*** Opening of DATA SHOWN ***

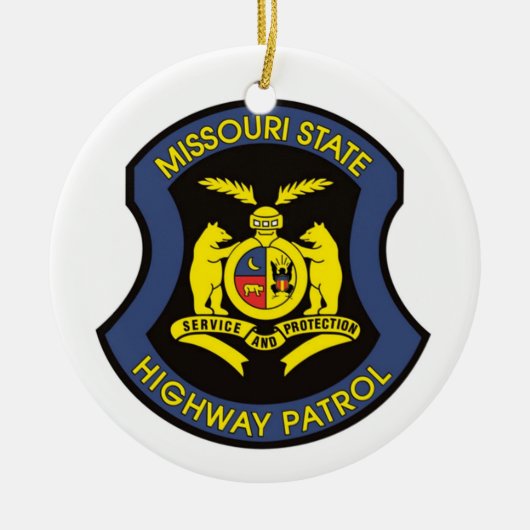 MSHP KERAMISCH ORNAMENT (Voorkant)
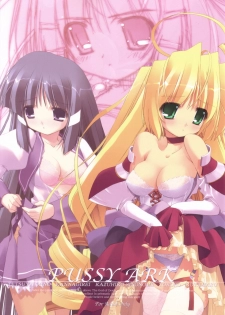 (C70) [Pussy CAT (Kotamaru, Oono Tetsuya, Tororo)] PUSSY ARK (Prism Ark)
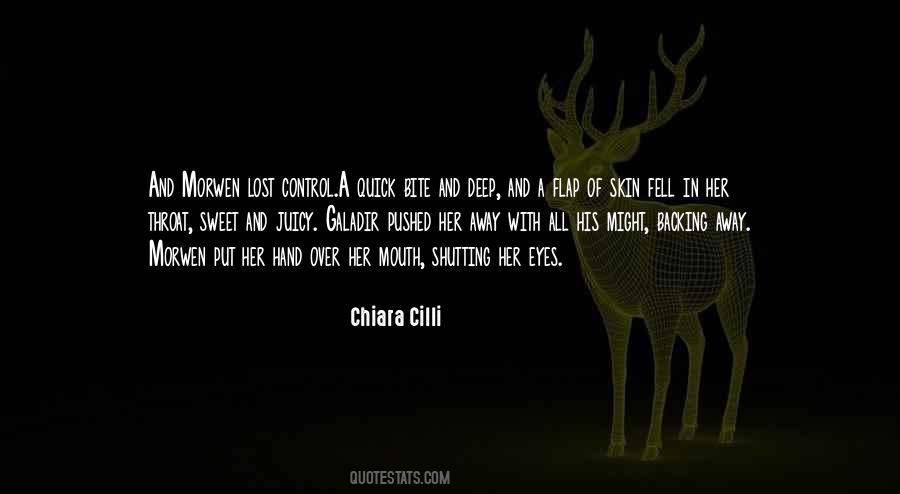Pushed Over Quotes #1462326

*** Close of DATA SHOWN ***

* **TASK**
The material above must be reproduced line for line, with the images omitted.

* **TASK ANSWER**
 MSHP KERAMISCH ORNAMENT (Voorkant)
 (C70) [Pussy CAT (Kotamaru, Oono Tetsuya, Tororo)] PUSSY ARK (Prism Ark)
Pushed Over Quotes #1462326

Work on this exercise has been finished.